When it comes to safe-injection sites, he spends a few minutes discussing a policy proposal he’s developed that would prioritize offering rehabilitation, job training and short-term affordable housing instead.
That policy seems overly ambitious, but Ciancaglini said the services are already being offered in the city, just not in conjunction with one another.
He's asked about the Trump parallels which will likely surface should he take his brash approach into the campaign season, which he most assuredly will.
“Jim Kenney has more to do with this election than Donald Trump,” he said, noting there are “a million things” he doesn’t like about the incumbent. “Kenney is obsessed with him. It’s an unhealthy obsession. No matter what the President does, Kenney has to say the opposite. If Trump would say, ‘I don’t support the wall,’ Kenney would get rid of the sanctuary city policy just to do the opposite.”
He chided Kenney's overwrought reaction before hearing the full story behind a black doll being found hanging with a noose around its neck in a South Philadelphia playground, and the lack of an apology after the reality of the situation became clear.
“He doubled down even after being proven 100 percent incorrect,” he said. “He just can never say, ‘I made a mistake, and I apologize.’ That’s shameful. If you’re wrong, admit it. If I’m wrong, I admit it. A sincere apology makes the issue go away instantly.
“If I’m elected, and one of my policies leads to a young girl getting raped, I will resign the next day. Write that down word for word. He says he’s helped every neighborhood in Philadelphia. How did he help that child’s neighborhood? How has he helped the African-American neighborhoods with no means to go outside the city to get soda cheaper? He likes going to New York City instead of staying in Philadelphia? Well, I’ll buy him a one-way bus ticket to go there for good. One of those $10 bus tickets from Chinatown.”
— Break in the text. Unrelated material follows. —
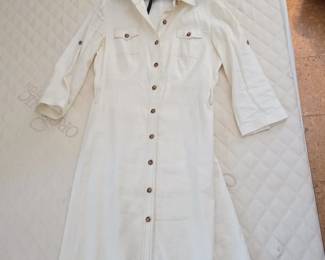 Tahari Womens White Linen Shirt Dress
He wonders aloud whether new details will emerge tying Kenney more deeply into the federal indictment recently filed against labor leader John Dougherty, City Councilman Bobby Henon and others. That would certainly help his efforts, he thinks.
He also excoriates Kenney for delaying the decision about where to move the statue of former Mayor Frank Rizzo in the name of political protection. ("The only place it'd move if I was mayor was to my front lawn," he said.)
“If he were a basketball coach who did a bad job for four years, he’d be fired. They’d need a breath of fresh air, exactly like a sports team. Jim Kenney is the city’s Chip Kelly,” he said. “Nothing good has been happening in Philadelphia lately. It’s time for change.”
He’s asked about the Trump parallels to how he conducts himself.
“I’m brash, I’m bold, I’m outspoken. So is he. But, this is just who I am. I’m not patterning myself after anybody or anything,” he said. “If you ask me a question, I’ll answer it honestly. What do I care? I've been this way my whole life.”
For now, though, he has to bide his time waiting for the Democratic primary in May. He said he'll try to get invited to debates during the next two months, so he can share his ideas more widely.
"Could you imagine me on stage with Kenney? Do you think he'd actually do that?" he asked. "I hope so. That'll be fun."
Would it be fun? In a gaper-delay sense, sure, but whether it'll happen is an altogether different prospect as Kenney's campaign spokesman, Harrison Morgan, declined to comment on Ciancaglini's remarks in this story.
"This is a man who seeks the support of neo-Nazis and white supremacists," Morgan said Friday night. "We're not even going to engage with him."